I don’t even remember why he smiled. It must have been because of something incredibly stupid I did or wrote, I’m sure of it. One of my ridiculous plays probably. Or even worse, my poems. Those were always worth a good laugh they were so terrible—especially at that age. But he smiled once, that dazzling thing of light, and then he laughed, and he never ever stopped.
Until tonight.
I wiped the smile off his face in one fell swoop, Beth, and I don’t know if I will ever see it back there again.
Maybe another woman will make him smile. Probably. Maybe she already has; I’m sure he’ll have no scarcity of ladies vying for his attention. But I will never see him smile like that to me, ever again. I’ve killed that.
I think I may have killed him too. At least that’s how it feels right now.

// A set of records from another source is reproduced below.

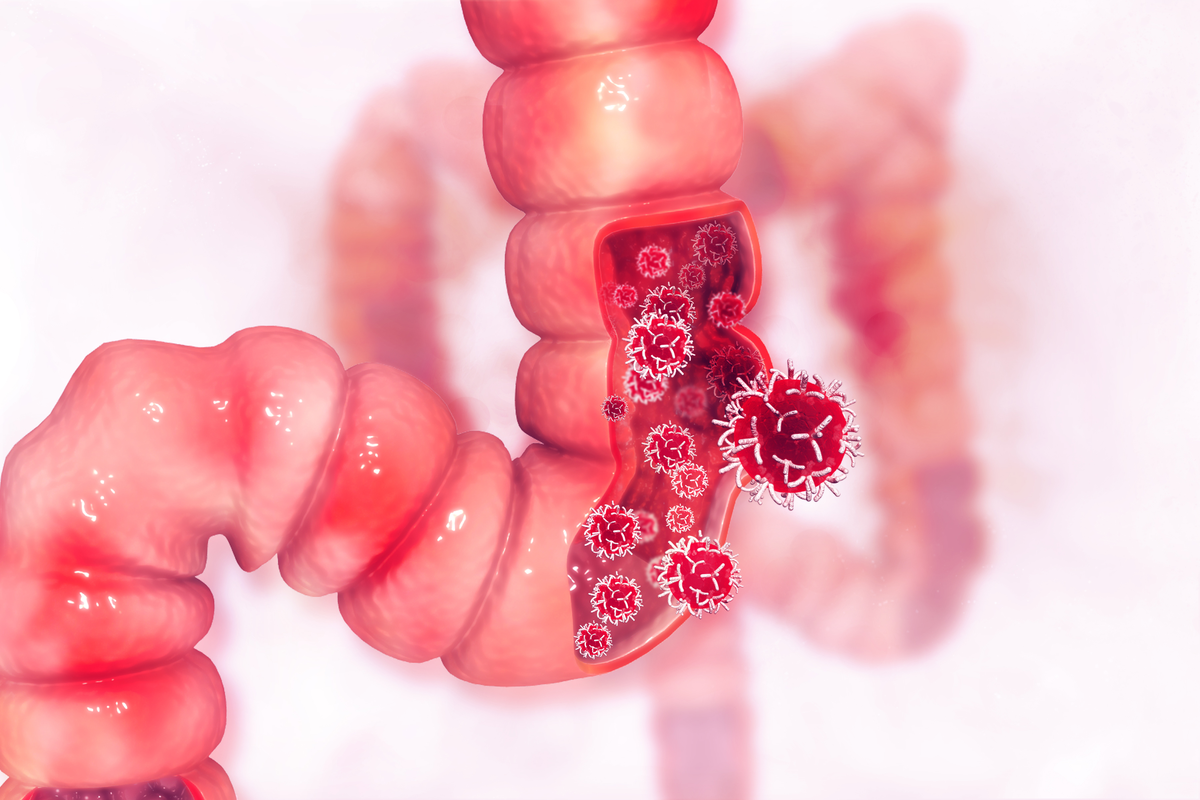 Unerwartete Rolle des Proteins mTORC2 bei Darmkrebs
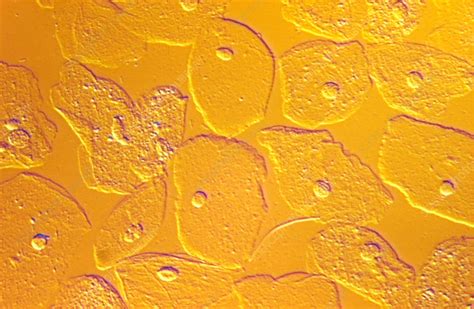 Squamous epithelial cells are usually found in very small numbers in a urine sample. Squamous Epithelial Cells - Stock Image - P616/0476 ...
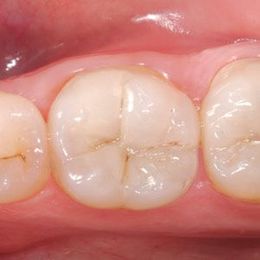 It's an Art: Determining Tooth Color in Composite Resin Restorations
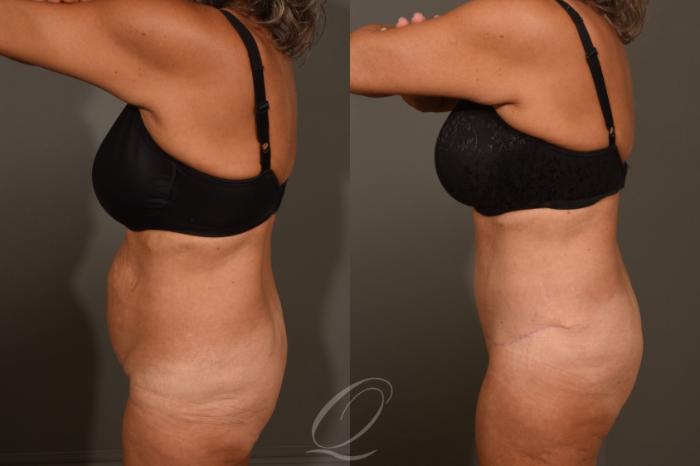 Tummy Tuck Case 383 Before & After View #5 | Serving Rochester, Syracuse & Buffalo, NY | Quatela Center for Plastic Surgery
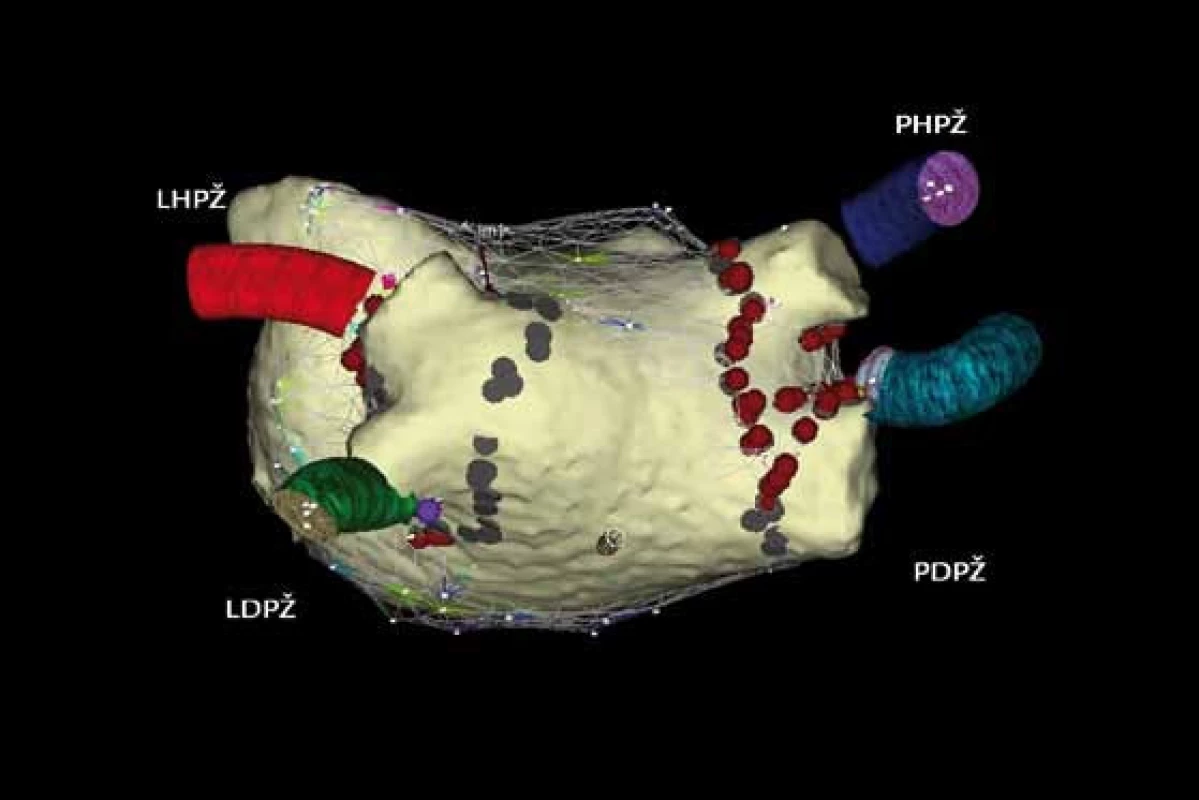 Integrace trojrozměrné elektroanatomické mapy systémem CARTO s rekonstrukcí levé síně a plicních žil pomocí počítačové tomografie. 
Cirkumferenční ablační linie kolem pravostranných a levostranných plicních žil u paroxyzmální formy FS.
Legenda k obr. 4, 5, 6 (pohled PA – posteroanteriorní na zadní stěnu levé síně). PHPŽ – pravá horní plicní žíla, PDPŽ – pravá dolní plicní žíla, LHPŽ – levá horní plicní žíla, LDPŽ – levá dolní plicní žíla
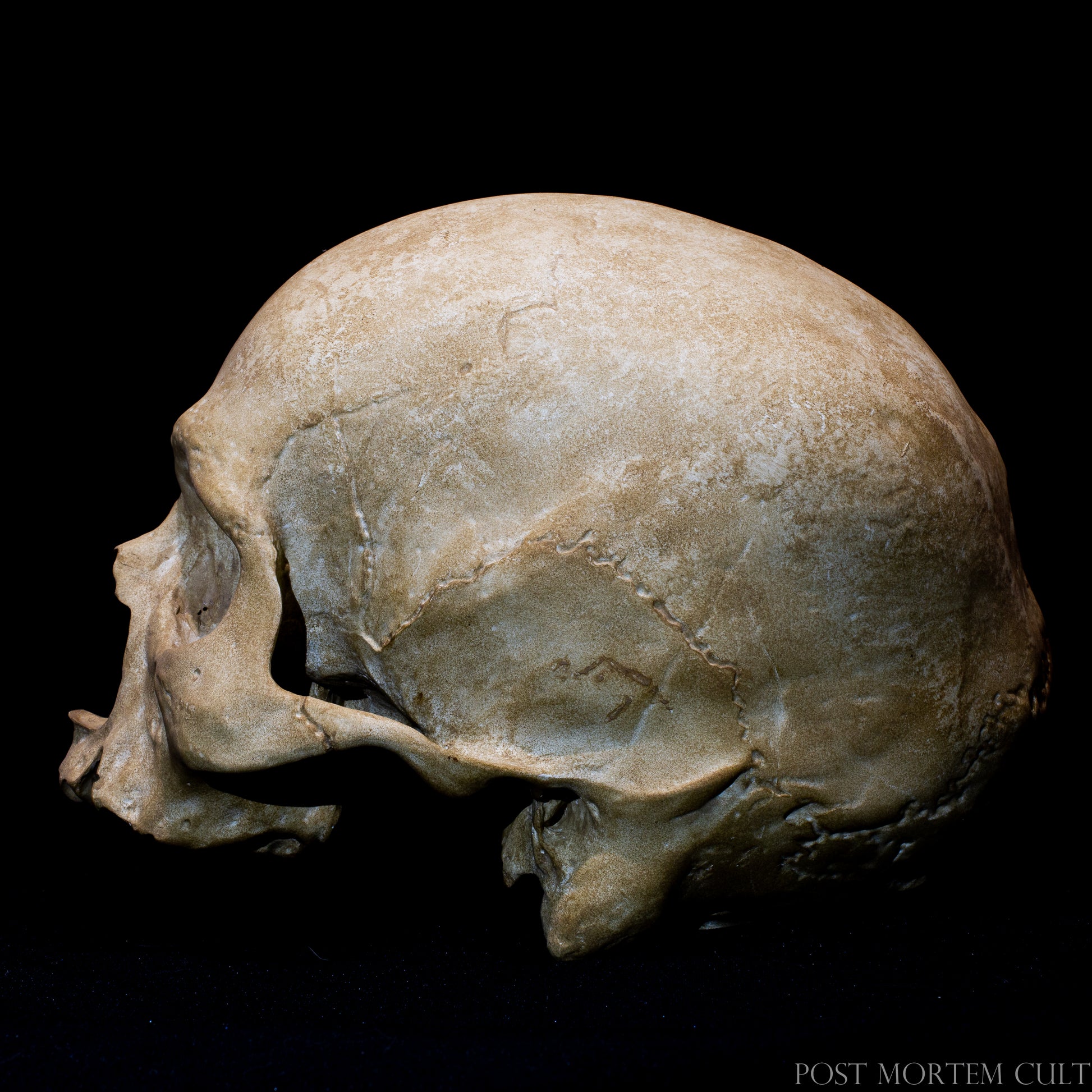 Close-up detail of anatomical skull replica highlighting cranial sutures, bone irregularities and aged osteological surface textures.
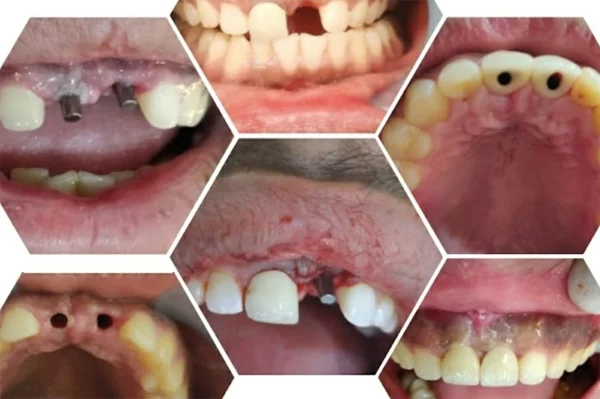 Single Tooth Implants in Karol Bagh, Delhi  Permanent Tooth Replacement  Krisshnaa Dental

Oh, how I wish you were here to tell me what to do. You would probably tell me to stop being an absolute idiot. But I have no idea how to exist, what to ‘be’. I have no idea how to be myself in a world that keeps denying me entry.
Eternally,
Your sister
nine
Someone was rowing a boat out in the deep, black water. That was no servant; the lake belonged to the private property.Who on earth would be stupid or crazy enough to—?
Oh no.
Something in the agile way the silhouette moved as the oars slid into the inky-dark water made Jo nearly jump out of her skin.
Laurie.
She did not know how she knew it, but it was him. The foolish boy was rowing a tiny boat in the middle of a deep lake, into the black night. That sounded like something he would have done back when he was fifteen, not now, but he was probably intoxicated out of his mind.Did I really hurt him this much? Is he this crazed with pain at my rejection that he does not see that he is about to capsize and drown?
It still felt strange even to think about. ‘Rejection’. She had rejected him. A man. She had rejected a man—and not just any man, her best friend. He had told her he loved her and she had rejected him.